イベントに乗っかってチョコをばらまくお菓子業界のお祭りに、暇人が参加しているだけ。

俺にとっては、そんななんの意味も持たない日だった。

たくさんもらったチョコを羨ましがる山近の気持ちも、面倒な手作りをしてまで山近にチョコを渡した幸島の気持ちも、普段ろくに話したこともない相手にチョコを持ってくる女子達の気持ちも。

俺には全く分からなかった。

だけど、何故か護のあの態度だけは気になって仕方なかった。


「なぁ、」


放課後4人でカラオケに行く予定で、担任に呼ばれた護と幸島を教室で待っていた俺は山近 に声をかけた。


「あ?なんだよ」


山近は幸島から貰ったという一口サイズのチョコレートケーキを、口に運んでは幸せそうに頬をゆるめている。


「護のやつ、誰かにチョコあげたとか聞いてるか?」

「……いや。
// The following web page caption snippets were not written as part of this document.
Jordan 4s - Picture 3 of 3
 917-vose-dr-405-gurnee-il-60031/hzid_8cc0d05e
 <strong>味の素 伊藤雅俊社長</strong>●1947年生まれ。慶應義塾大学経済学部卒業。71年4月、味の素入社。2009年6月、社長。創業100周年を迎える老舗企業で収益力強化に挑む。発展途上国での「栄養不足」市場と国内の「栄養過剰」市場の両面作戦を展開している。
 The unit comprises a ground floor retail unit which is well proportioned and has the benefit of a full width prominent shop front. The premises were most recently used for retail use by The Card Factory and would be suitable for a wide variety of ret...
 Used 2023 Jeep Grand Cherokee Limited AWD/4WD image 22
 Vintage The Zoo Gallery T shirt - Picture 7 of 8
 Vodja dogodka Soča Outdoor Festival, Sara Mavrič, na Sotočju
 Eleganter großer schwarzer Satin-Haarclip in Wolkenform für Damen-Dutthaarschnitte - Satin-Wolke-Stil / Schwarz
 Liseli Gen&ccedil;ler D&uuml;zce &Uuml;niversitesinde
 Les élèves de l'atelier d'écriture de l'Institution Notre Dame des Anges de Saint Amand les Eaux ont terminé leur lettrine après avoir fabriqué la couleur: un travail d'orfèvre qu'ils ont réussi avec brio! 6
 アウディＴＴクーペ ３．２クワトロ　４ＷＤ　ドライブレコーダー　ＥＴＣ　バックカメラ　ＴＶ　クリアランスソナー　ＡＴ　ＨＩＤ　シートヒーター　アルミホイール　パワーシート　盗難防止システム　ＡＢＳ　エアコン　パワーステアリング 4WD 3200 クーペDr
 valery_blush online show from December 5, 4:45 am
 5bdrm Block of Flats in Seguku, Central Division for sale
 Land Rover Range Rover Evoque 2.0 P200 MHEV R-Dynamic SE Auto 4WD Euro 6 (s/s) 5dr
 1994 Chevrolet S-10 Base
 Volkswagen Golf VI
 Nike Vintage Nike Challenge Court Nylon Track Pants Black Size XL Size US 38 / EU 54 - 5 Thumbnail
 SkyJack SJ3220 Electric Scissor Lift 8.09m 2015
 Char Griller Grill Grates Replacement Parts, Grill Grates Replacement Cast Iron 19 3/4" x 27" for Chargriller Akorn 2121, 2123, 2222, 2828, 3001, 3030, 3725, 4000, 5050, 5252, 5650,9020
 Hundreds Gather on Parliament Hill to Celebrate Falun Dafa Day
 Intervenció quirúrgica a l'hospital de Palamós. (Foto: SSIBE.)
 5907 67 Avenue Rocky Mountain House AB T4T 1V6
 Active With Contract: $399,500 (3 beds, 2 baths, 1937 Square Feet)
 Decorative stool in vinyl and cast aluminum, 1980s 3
聞いてねぇけど」

「アイツ、昼間チョコの話しした時にさ、なんか様子がおかしくてさ。あれは絶対なにかを隠してる」


誰かにあげたのか?と尋ねたあの時の反応って……あれって、絶対誰かにあげたってことか、あげるつもりだってことじゃないのか?

それを俺に知られたくないから、あんな風に誤魔化した。

なんだよ、それ。

別にからかったりとか邪魔したりするつもりなんてないのに。

ただ、ずっと近くにいたのにアイツにそんな相手がいるなんて、全然気づかなかったし、教えてももらってない。

友達、なのに。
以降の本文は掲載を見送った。